24 Stunden: Blindeninstitut Rückersdorf

Blindeninstitut Rückersdorf – So läuft ein Tag am Ort der Lebensfreude ab

Am 13. September feierten siebzehn Schülerinnen und Schüler gemeinsam mit ihren Familien ihre Einschulung auf der Festwiese des Blindeninstituts. Beim sogenannten „Schultütenfest“ wurde jedes der Kinder musikalisch begrüßt und vom Institutsleiter, der Schulleitung und dem Lehrerkollegium herzlich willkommen geheißen. | Foto: Blindeninstitut Rückersdorf2022/09/24h-22-blindeninstitut-1.jpg

RÜCKERSDORF – Oberhalb des Rückersdorfer Bahnhofs auf dem Dachsberg erstreckt sich das weitläufige Gelände des Blindeninstituts. Die achtjährige Marie (Name geändert) nimmt uns mit auf einen Tag im Institut.

Inmitten von Bäumen und viel Grün befindet sich das Verwaltungsgebäude des Blindeninstituts, gegenüber das Schulgebäude. In einiger Entfernung liegen die sechs Wohngruppen, in denen zurzeit etwa 33 Kinder leben.
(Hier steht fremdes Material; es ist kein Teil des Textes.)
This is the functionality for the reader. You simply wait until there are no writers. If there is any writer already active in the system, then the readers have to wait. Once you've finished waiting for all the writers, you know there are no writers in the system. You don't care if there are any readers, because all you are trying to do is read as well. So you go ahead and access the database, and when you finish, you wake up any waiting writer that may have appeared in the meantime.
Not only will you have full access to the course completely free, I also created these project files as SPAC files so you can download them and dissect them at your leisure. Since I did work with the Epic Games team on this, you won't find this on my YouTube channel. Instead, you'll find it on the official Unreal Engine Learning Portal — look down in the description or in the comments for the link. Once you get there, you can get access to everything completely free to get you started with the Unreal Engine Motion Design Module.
Daneben befinden sich die 15 Tagesstätten-Klassen, in denen etwa 87 Kinder die Nachmittage verbringen. Bis zum Alter von 21 Jahren werden hier blinde, seh- und oft mehrfach behinderte junge Menschen pädagogisch und therapeutisch begleitet.

Ein Tag am Dachsberg

Wie Marie (Name geändert). Sie ist acht Jahre alt und wird morgens mit dem Bus zum Dachsberg gebracht. Kurz nach 8 Uhr kommt sie in der Klasse an. Bei ihr wurden neben der schweren Sehbehinderung – sie hat nur noch etwa 20 Prozent Sehvermögen – eine Entwicklungsverzögerung und Epilepsie festgestellt. Sie ist außerdem auf den Rollstuhl angewiesen.
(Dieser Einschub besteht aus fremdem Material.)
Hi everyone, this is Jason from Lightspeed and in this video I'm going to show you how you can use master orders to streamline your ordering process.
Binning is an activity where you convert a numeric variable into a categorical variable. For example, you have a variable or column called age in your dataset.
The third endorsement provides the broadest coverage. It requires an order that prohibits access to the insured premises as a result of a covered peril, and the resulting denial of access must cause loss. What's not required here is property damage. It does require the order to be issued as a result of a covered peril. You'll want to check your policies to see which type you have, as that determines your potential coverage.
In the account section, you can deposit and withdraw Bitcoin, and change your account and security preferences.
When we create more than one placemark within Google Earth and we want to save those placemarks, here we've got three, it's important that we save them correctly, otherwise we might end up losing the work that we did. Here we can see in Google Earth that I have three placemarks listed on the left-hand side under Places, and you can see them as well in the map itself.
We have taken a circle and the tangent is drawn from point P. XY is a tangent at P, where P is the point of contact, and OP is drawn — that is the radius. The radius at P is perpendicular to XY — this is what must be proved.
Marie wartet im Klassenzimmer, bis alle angekommen sind. Einer der beiden Schulmitarbeitenden schaut im sogenannten „Elternbuch“ nach, ob ihre Eltern einen besonderen Vorfall notiert haben. Der Unterricht, der nun beginnen kann, hat unter anderem zum Ziel, ihre Sehfähigkeit zu fördern. Es wird mit kontrastreichen Bildern und Leuchtmaterialien gearbeitet, ebenso mit diversen Kommunikationsgeräten, Geräuschen und Gerüchen.

Gegen 10.30 Uhr gibt es Frühstück, das eine bis eineinhalb Stunden dauern kann. Denn nicht nur Marie kann nicht selbstständig essen, sondern auch die fünf weiteren Kinder in ihrer Klasse sind auf die Unterstützung der Mitarbeitenden angewiesen. Vor der Pause wird gepflegt: Das heißt Körperpflege oder individuelle, medizinische Versorgung.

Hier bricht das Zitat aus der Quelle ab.